* _Task requirements_
Quote precisely the final stretch of the listing: start at the line containing "Damage, Long-Lasting R" and stop after the last line.

(Beginning of Supplied entries)

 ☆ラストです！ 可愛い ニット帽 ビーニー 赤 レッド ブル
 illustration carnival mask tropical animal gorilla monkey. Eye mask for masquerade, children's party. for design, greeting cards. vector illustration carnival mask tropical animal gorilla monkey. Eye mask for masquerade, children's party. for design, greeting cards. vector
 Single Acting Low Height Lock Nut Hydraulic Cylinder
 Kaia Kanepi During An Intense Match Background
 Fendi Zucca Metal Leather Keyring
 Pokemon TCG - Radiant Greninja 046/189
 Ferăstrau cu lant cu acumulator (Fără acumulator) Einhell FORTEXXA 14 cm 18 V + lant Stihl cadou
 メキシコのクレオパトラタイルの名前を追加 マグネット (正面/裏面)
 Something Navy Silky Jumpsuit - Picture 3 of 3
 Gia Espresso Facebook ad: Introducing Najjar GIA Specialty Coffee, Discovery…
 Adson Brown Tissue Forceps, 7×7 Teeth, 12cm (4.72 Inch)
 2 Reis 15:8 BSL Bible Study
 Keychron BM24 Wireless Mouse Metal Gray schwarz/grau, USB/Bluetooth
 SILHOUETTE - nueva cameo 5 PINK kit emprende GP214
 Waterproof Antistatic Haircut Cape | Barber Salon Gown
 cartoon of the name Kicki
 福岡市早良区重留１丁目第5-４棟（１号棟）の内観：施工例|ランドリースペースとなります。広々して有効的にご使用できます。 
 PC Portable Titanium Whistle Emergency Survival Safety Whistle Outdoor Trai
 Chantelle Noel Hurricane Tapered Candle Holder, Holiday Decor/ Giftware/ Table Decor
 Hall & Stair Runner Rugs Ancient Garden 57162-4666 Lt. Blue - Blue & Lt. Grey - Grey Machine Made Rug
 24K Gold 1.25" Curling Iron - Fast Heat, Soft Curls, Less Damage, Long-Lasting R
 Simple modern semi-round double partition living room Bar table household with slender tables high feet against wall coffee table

(End of Supplied entries)

* _Your solution_
 24K Gold 1.25" Curling Iron - Fast Heat, Soft Curls, Less Damage, Long-Lasting R
 Simple modern semi-round double partition living room Bar table household with slender tables high feet against wall coffee table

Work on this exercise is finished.